As U Elections Committee Special Prosecutor Zan Larsen prepares a case against the More 4 U Party that will apparently challenge its right to advance through election primaries, More 4 U presidential candidate Joe Coccimiglio wants the student body to know he genuinely respects Redbook rules. He just hasn’t been very particular about following them.

“I’m not a machine,” Coccimiglio pleaded. “We are trying our best.”

Maybe More 4 U members should have known better than to use oversized posters and distribute campaign materials in classrooms. After all, they could have called Elections Registrar Lorraine Evans for help with interpreting specifications at any time.

But, doesn’t it suffice to punish them once? For the aforementioned indiscretions and a few others — amounting to 10 total grievances — More 4 U was fined $220 and required to take down the offending posters. The party has since complied humbly.

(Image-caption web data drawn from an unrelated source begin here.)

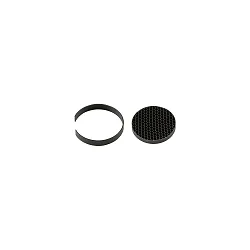 Honingraat filter GRIP! S, zwart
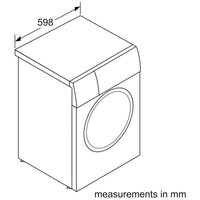 Bosch Serie 6 WGG244ZCGB Washing Machine 9kg Graphite thumbnail 8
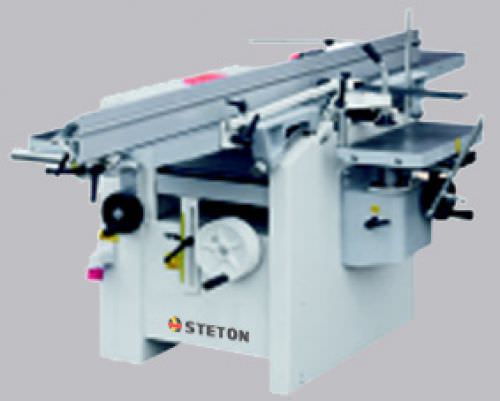 Pialla a filo pialla combinata - CS 400 FSC  - Steton - mortasatrice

Alas, gracious apologies don’t cut it for Larsen and the hyena-like pack of opposing parties — all now taking turns picking apart the flesh of the litter’s wounded runt. Larsen filed an additional grievance (the spirit was in the air, after all) to have the 10 other grievances viewed on a whole as a violation of the basic terms of the party’s contract. If More 4 U is found guilty at Thursday night’s meeting, the party’s primary election results will probably be retroactively invalidated.

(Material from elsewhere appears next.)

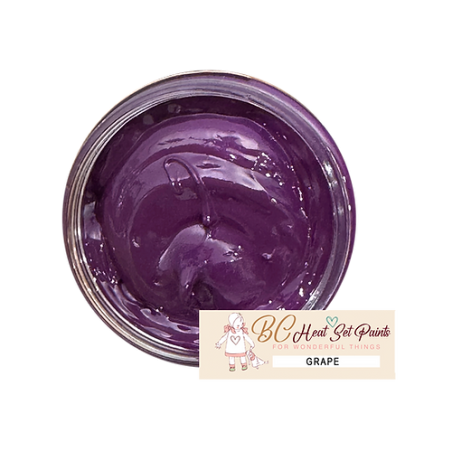 GRAPE BC Heat Set Paint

It’s been clear from the body language and facial expressions in the first three debates that the Forward and Activate parties regard themselves as members of a more superior class of student politicians than More 4 U, while the FUSE Party kept out of the pompous parade before it marched into Tuesday night’s grievance hearings.

The hearings gave these three “institutionalist” parties the chance to remove the potentially alluring (albeit far-fetched) promises of More 4 U from the sight of the student masses so they can return to rehashing debates over new board positions.

Grievance hearings are definitely necessary to prevent unscrupulous candidates from gaining advantages, but there has to be some way to regulate these things to the point that they don’t end up determining the election.

It’s like Dade County at the U, every year.

Last year, the BLOC Party was nearly removed from the ballot for misreporting wholesale purchases until it was saved by a last-minute appeal. When the party won, its members made sure to change the policy so it suited them, retroactively.

In 2005, the runner-up PINC Party paid steep fines and was nearly disqualified. In 2004, grievance hearings against all three parties kept the officials from announcing results until early in the morning the day after the final tallies were counted. In 2001, the Innovation Party was disqualified altogether, and each candidate forced to pay individual fines — all for going a mere $227.21 over expenditures.

The Associated Students of the University of Utah is supposed to provide students with a learning opportunity by mimicking a professional political organization. The U Elections Committee is advised to remember that, official constitution aside, a little leeway — or an oversized poster — never killed anybody.